Rainforest Nut Coconut Curry
Nuts To You Rainforest Nut Butter with Coconut, made from Brazil nuts, cashews, and whole coconut, makes this Indian-inspired curry taste nutty, rich and delicious!
- 1½ lbs skinless, boneless chicken breast, cubed (OR 375g paneer, cubed + 1 cup frozen peas)
- 2 tbsp oil
- 1-2 cinnamon sticks (1 inch piece)
- 5-6 whole black peppercorns
- 2-3 bay leaves
- 1 onion
- ½ cup crushed tomatoes (OR 2 medium ripe tomatoes)
- 2 tbsp Arvinda's Curry Masala (OR curry powder)
- ½-1 tsp salt (use 1 tsp for chicken, 1/2 tsp for paneer, to taste)
- 1 can coconut milk (400 ml)
- ¼ cup Nuts To You Rainforest Nut Butter with Coconut
- 2 tbsp cilantro, finely chopped (to garnish)
- In a food processor, purée the onion, tomatoes, curry masala, and salt into a fine paste.
- In a large pot, heat the oil on medium-high heat, and once heated, add in the cinnamon sticks and peppercorns. Gently sauté for one minute until fragrant, and then add in the bay leaves and sauté for a few seconds.
- Reduce the heat to medium. Add in the onion-tomato purée, stirring until it has reduced into a to a thick paste (about 10-15 minutes). Pay close attention while reducing to make sure it doesn't burn.
- Add in the chicken and coat it well with the paste. Once coated, sear the chicken in the pot until it is thoroughly cooked through. (If you're using paneer, do not add it at this stage; simply skip to next step.)
- Stir in the coconut milk, reduce the heat and gently simmer for 10 minutes. If the sauce gets too thick, add some water to thin it out. (If you're using paneer, add in the peas at this step. Let it cook for a couple minutes and then add the paneer and coat with curry sauce.)

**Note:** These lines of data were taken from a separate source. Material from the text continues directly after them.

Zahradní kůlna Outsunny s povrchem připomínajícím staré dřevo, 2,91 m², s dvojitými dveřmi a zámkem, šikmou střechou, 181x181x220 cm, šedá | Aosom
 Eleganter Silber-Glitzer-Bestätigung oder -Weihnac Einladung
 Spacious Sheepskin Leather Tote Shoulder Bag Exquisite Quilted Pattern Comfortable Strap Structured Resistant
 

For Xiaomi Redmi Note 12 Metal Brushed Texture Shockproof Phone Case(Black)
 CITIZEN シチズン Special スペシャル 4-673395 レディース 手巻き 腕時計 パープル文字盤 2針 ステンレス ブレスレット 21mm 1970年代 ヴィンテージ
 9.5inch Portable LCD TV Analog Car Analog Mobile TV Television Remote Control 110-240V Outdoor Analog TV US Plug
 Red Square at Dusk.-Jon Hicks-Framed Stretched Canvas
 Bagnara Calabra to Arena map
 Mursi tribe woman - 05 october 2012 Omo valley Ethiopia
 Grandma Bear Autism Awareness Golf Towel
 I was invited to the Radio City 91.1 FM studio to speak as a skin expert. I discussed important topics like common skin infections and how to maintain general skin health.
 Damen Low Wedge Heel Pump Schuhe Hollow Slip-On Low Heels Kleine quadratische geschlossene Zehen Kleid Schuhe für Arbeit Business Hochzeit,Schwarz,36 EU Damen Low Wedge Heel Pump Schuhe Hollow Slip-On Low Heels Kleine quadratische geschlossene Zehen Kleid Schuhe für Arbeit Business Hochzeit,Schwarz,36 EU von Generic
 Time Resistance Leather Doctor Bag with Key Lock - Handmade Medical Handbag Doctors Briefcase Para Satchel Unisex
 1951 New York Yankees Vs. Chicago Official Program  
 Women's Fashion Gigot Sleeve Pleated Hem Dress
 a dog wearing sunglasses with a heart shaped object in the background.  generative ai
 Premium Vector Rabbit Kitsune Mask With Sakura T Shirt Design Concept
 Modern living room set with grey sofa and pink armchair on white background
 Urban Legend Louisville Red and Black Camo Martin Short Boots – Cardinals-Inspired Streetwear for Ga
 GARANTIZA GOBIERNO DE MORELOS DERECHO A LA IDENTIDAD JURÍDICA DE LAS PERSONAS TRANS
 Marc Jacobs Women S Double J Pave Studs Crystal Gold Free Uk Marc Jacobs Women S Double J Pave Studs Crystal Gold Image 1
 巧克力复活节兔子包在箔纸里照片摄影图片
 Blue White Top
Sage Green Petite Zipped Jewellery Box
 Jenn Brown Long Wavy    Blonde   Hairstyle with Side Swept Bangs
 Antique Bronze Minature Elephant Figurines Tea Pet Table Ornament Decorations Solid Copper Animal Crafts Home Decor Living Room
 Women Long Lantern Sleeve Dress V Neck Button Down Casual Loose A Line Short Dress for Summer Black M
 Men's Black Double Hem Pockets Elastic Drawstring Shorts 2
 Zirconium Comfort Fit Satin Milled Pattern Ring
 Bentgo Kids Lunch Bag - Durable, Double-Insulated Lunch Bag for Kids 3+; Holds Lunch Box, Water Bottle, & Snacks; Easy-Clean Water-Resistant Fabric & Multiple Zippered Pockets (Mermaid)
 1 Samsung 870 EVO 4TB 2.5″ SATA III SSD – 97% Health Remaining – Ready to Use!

- Gently fold the Nuts To You Rainforest Nut Butter with Coconut into the dish.
- Garnish with a sprinkling of cilantro.
- Serve immediately and enjoy!
Modify this recipe using boneless lamb, paneer or tofu. Choose any Nuts To You nut or seed butter and it will be equally delicious. Serve with rice.